■ EXERCISE INSTRUCTIONS:
Nothing outside the range is to be copied. From the entries below, reproduce exactly the lines starting at the one with "Necdet Sarı Seçildikten" and ending at the one with "IDMIX M01 Universal", without pictures.

■ AVAILABLE RECORDS:
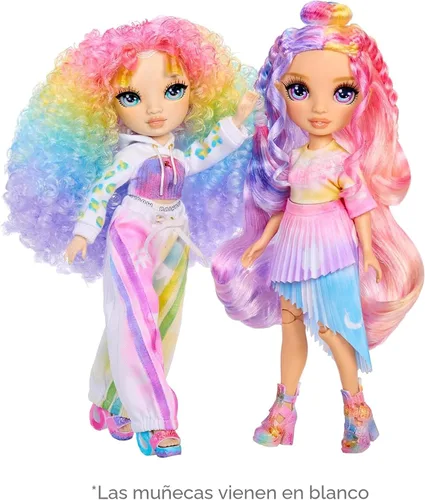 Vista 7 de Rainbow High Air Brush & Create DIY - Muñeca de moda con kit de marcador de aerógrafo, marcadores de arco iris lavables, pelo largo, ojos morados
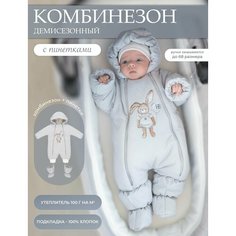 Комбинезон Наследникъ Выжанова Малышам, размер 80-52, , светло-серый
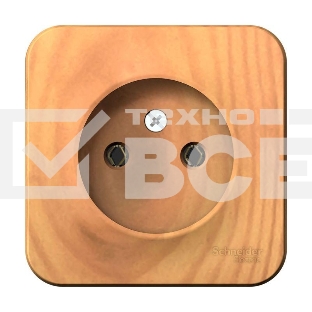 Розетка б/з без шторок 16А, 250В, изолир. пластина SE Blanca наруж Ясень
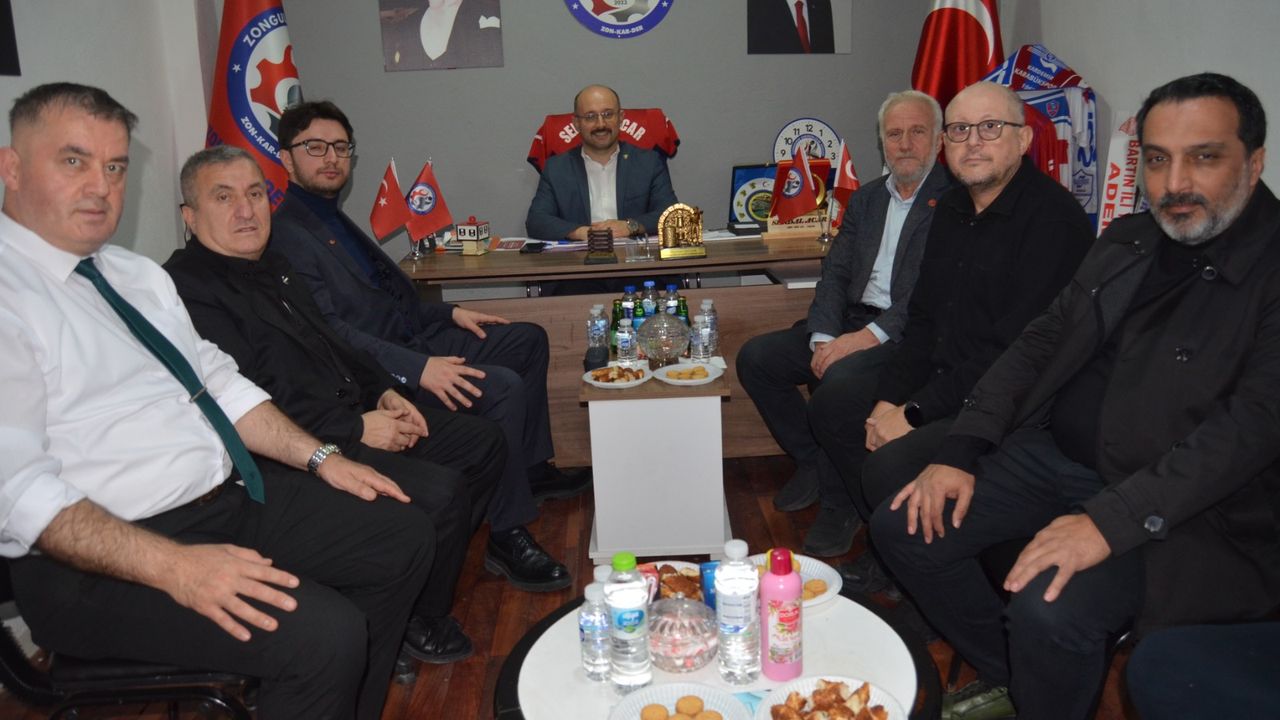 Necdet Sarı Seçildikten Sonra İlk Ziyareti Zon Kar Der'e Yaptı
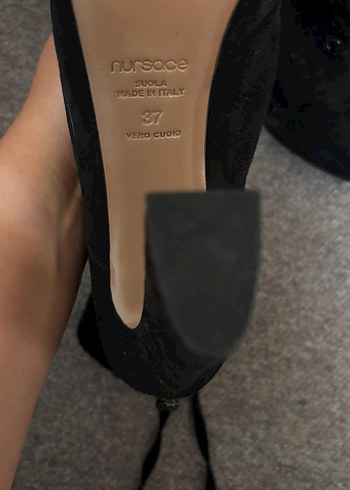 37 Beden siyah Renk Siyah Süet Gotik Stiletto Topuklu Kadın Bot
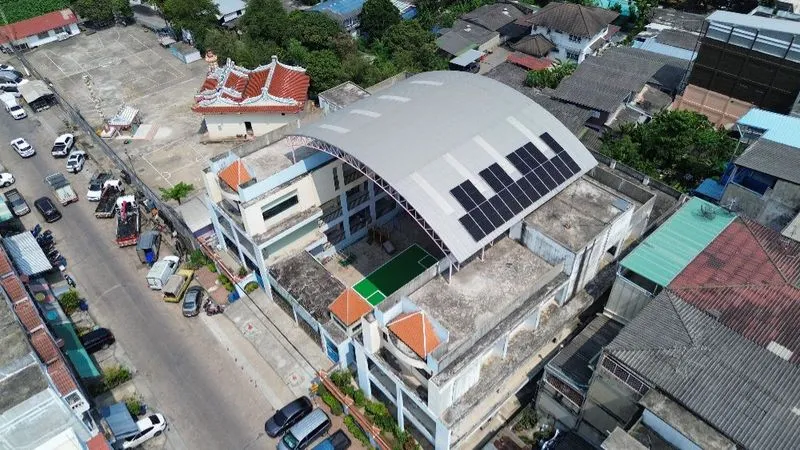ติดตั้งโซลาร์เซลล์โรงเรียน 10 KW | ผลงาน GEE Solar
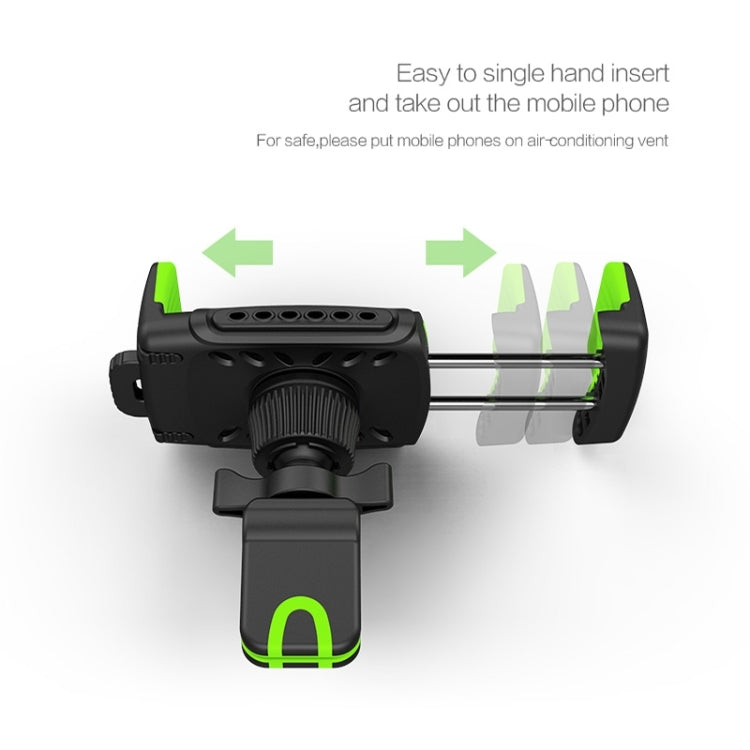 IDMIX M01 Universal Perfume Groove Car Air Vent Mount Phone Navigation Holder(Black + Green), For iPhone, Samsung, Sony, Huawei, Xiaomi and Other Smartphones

...

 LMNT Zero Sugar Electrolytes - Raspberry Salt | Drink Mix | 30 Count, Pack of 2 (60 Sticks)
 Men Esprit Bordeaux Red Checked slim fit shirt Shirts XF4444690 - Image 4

■ RESULT OF THIS EXERCISE:
 Necdet Sarı Seçildikten Sonra İlk Ziyareti Zon Kar Der'e Yaptı
 37 Beden siyah Renk Siyah Süet Gotik Stiletto Topuklu Kadın Bot
ติดตั้งโซลาร์เซลล์โรงเรียน 10 KW | ผลงาน GEE Solar
 IDMIX M01 Universal Perfume Groove Car Air Vent Mount Phone Navigation Holder(Black + Green), For iPhone, Samsung, Sony, Huawei, Xiaomi and Other Smartphones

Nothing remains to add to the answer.